Cette phrase scande douloureusement le roman. La soeur de la narratrice a disparu, ou plutôt elle a fui sans donner de nouvelles dans une ZAD en plein coeur d'une forêt menacée. Par le pronom « tu », la narratrice s'adresse à l'absente, essayant de comprendre pourquoi elle est ainsi partie loin de sa famille. Elle recrée ainsi un lien avec sa soeur en lui créant un présent projeté.

« Etre la même chaque jour : tu ne pouvais pas. Être celle qu'on attendait que tu sois : tu ne voulais pas. Te satisfaire de cette vie-là : impossible ! » Plus rien ne te guidait hormis tes voix, trop nombreuses pour être d'accord, trop imprévisibles pour être domptées. Alors tu suivais celle qui parlait le plus fort, à tort ou à raison. Ton corps devenait une maison ambulante, des pilotis à la place des pieds. Tu n'as pas chuté, tu ne t'es pas brisé. Tu as simplement bifurqué sur le chemin d'à côté. »
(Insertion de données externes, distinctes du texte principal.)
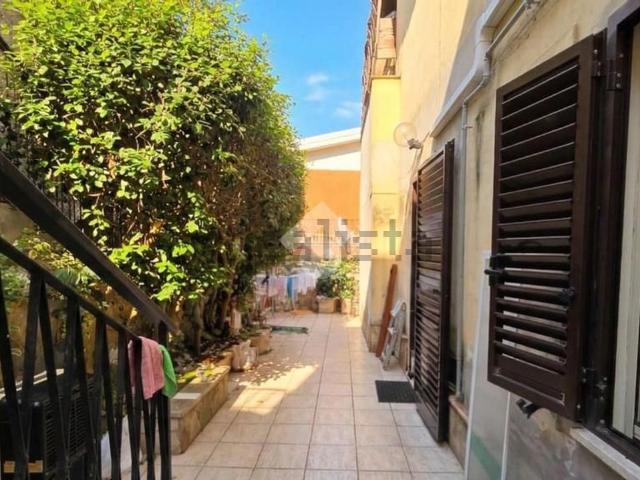 Appartamento in vendita di 69 m² in Via Fausto Maria Martini, 22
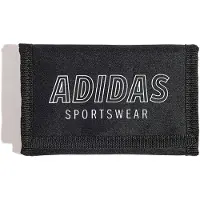 Adidas Brieftaschen Classic House Of Tiro JY3929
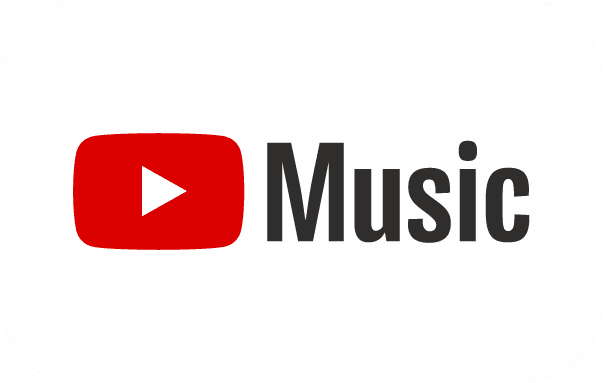 YouTube Music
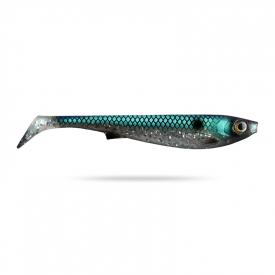 Granudds Lake Herring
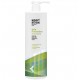 KEEN BAIN PREVENTIVE SHAMPOO 1L Шампоан против Косопад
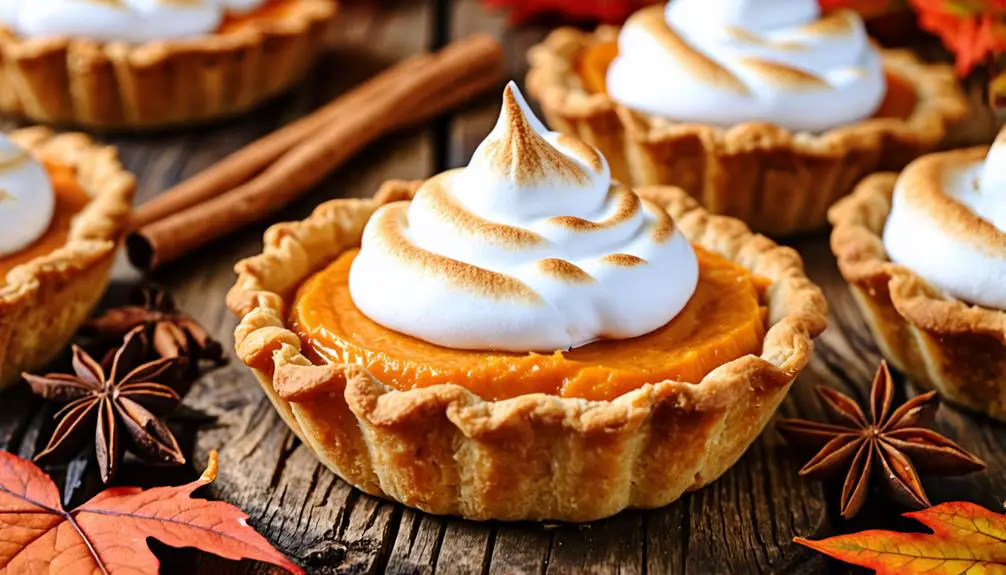 southern sweet potato pie recipes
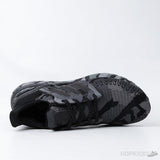 Ultra Boost 20 Consortium Geometric Black Grey (Premium Plus Batch) - Photo 4
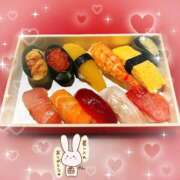 ヒメ日記 2026/01/23 11:49 投稿 まな ハンドキャンパス新宿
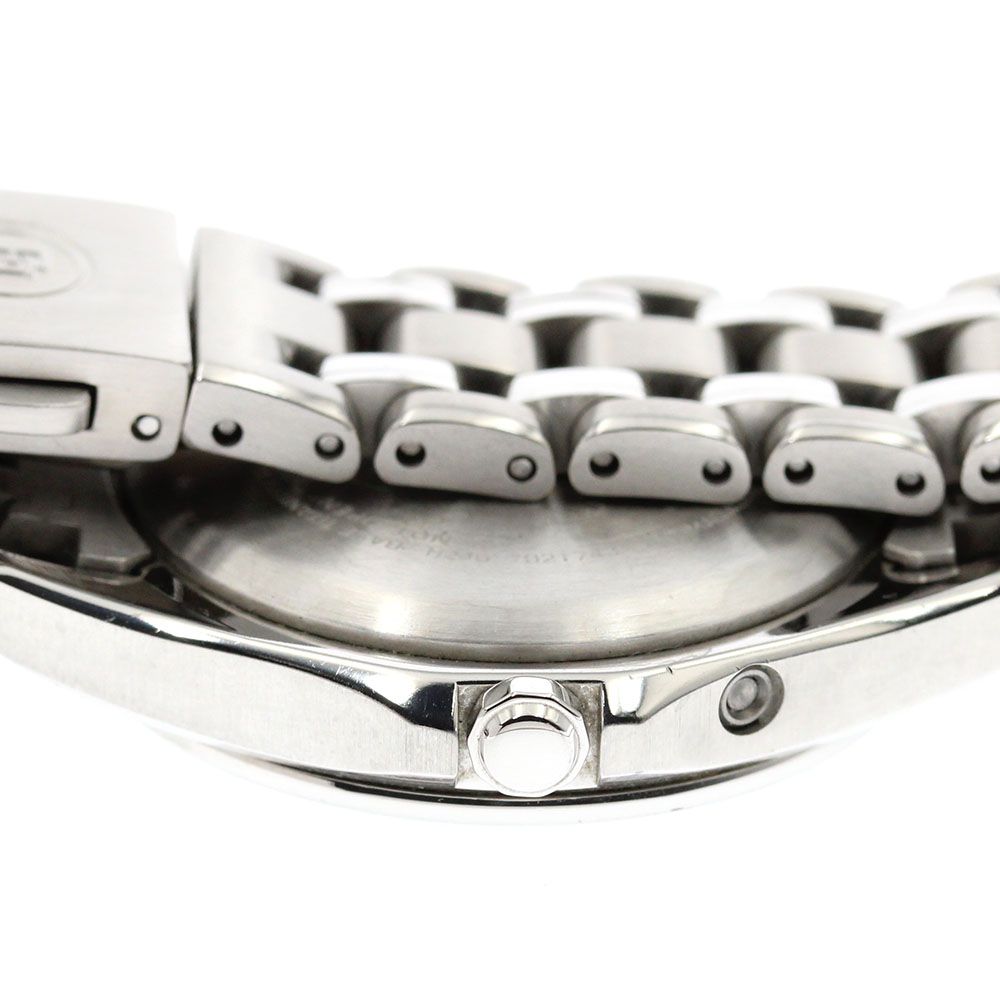 シチズン CITIZEN EC1120-59M/H246-T021743 エクシード ダイレクト  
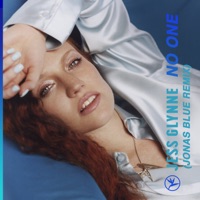 No One (Jonas Blue Remix) - Single - Jess Glynne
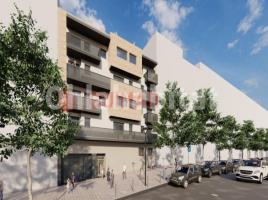 Obra nueva - Piso en, 88.34 m², cerca de bus y tren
Le « tu » alterne au « je » de l'absente dont on suit le ressenti et la recherche de symbiose avec les arbres et la faune de cette forêt à défendre. Ce « tu » finit presque par se superposer au « je », comme un miroir sororal, au point de créer un trouble très singulier, donnant presque l'impression que le « je » et le « tu » ne sont qu'une même personne et non deux soeurs distinctes. Cette ambiguité déconcertante sert vraiment le roman et m'a happée.
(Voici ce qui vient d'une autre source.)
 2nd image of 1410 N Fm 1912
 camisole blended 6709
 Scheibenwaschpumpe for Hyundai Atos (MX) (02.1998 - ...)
En fait, de ces deux voix, c'est celle du « tu » que je retiens. Les passages sur la soeur absente sont empreints de sensibilité nature writing mais assez convenus ( avec des échos aux romans de la québécoise Gabrièle Filtau-Chiba, Encabanée et Sauvagines ). Clairement, c'est la voix de la soeur présente qui m'a le plus intéressée. Elle qui doit faire face à la douleur de l'absence, réceptacle des angoisses des parents alors qu'elle-même semble bien fragile.
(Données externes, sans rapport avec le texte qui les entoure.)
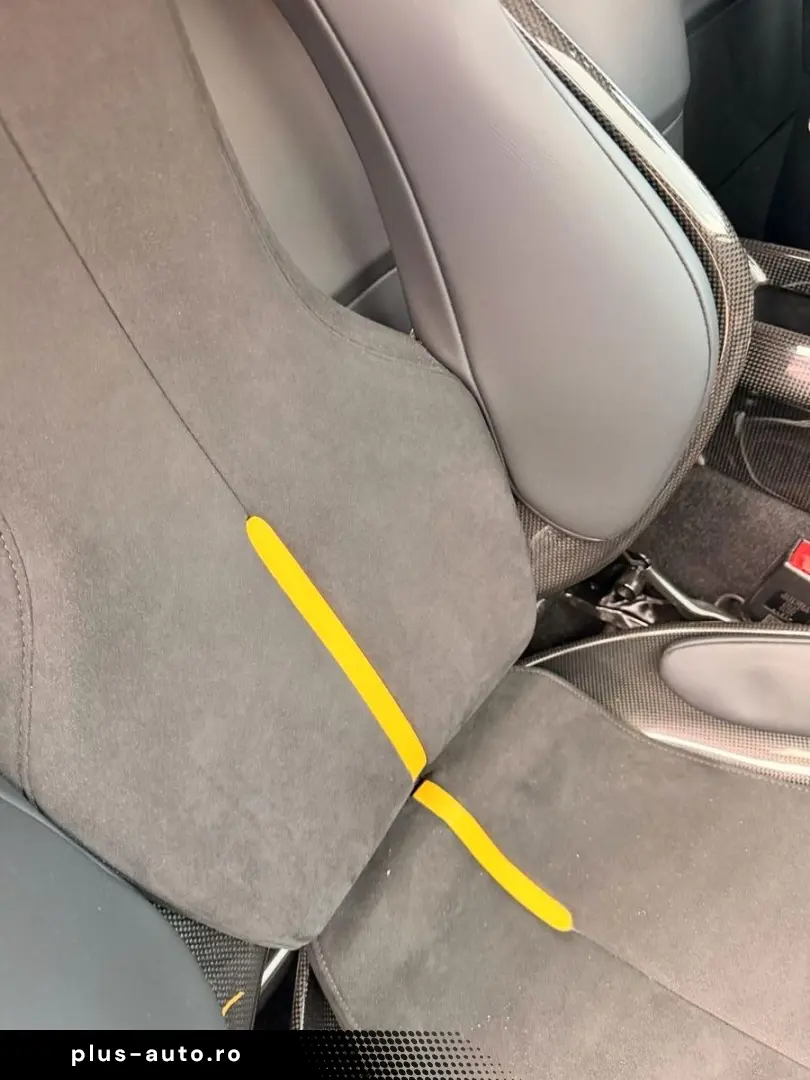 FERRARI SF90 Spider  Assetto Fiorano Voll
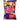Tasto Potato Chips Ridge Cut Crab Curry Flavour 69g - Tuk Tuk Mart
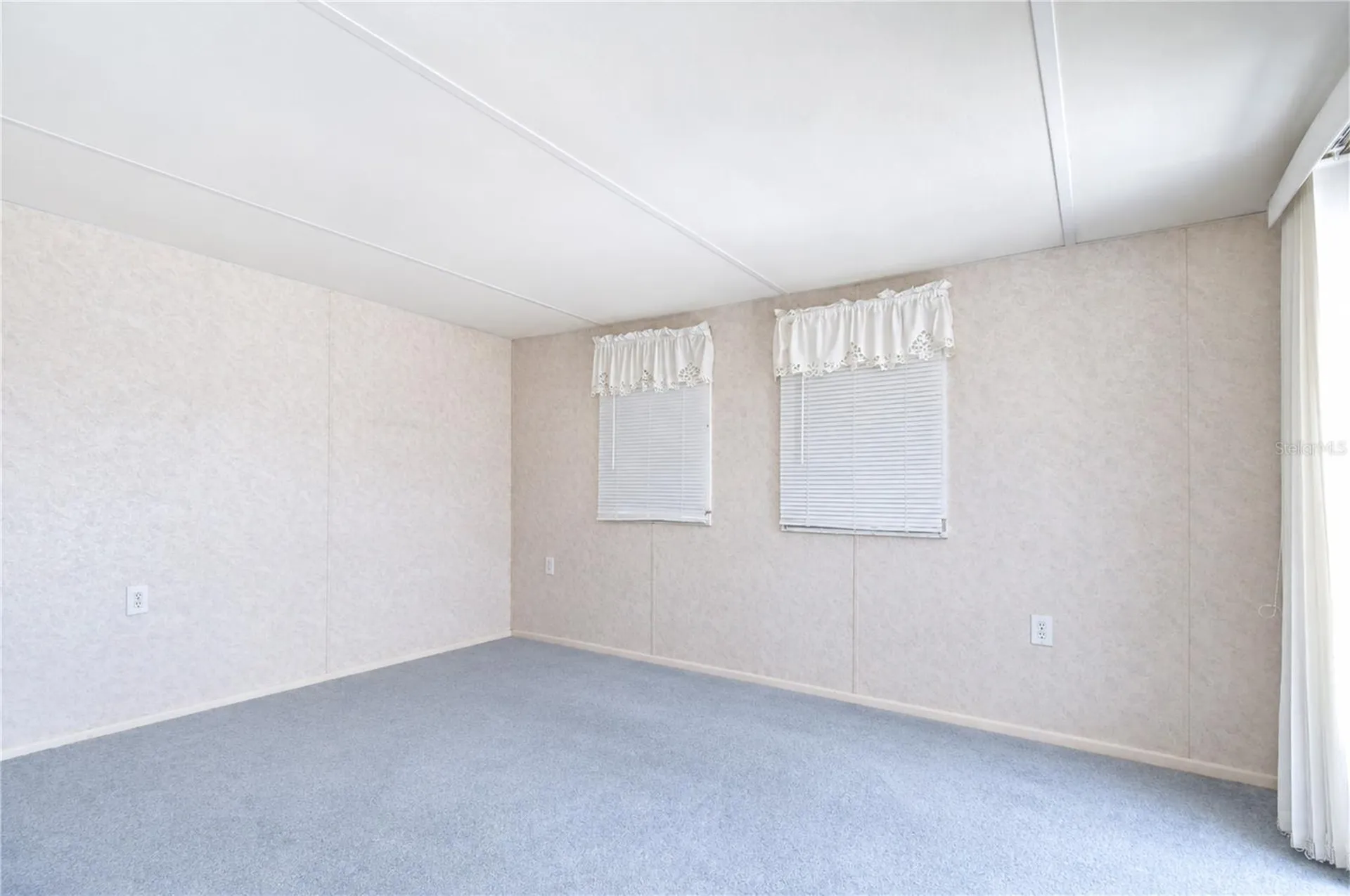 37344 Hammond Drive Zephyrhills FL 33541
Tout le roman traite avec beaucoup de sensibilité la question de la place de chacun dans le monde. La quête de soi est permanente et interroge. Comment vivre avec nos failles ? Comment vivre avec les autres ? Quels autres choisir ? Comment trouver l'endroit où vivre avec les autres a un sens pour nous ? Quelle empreinte laissons-nous sur le monde ? J'ai été touchée par la pudeur, la mélancolie et la sensibilité qui accompagnent l'errance introspective de ces jeunes femmes qui cherchent à conjurer la solitude.

Avec ce roman, je découvre les éditions du Panseur et sa chouette charte graphique intégrant le texte à une couverture toute veloutée.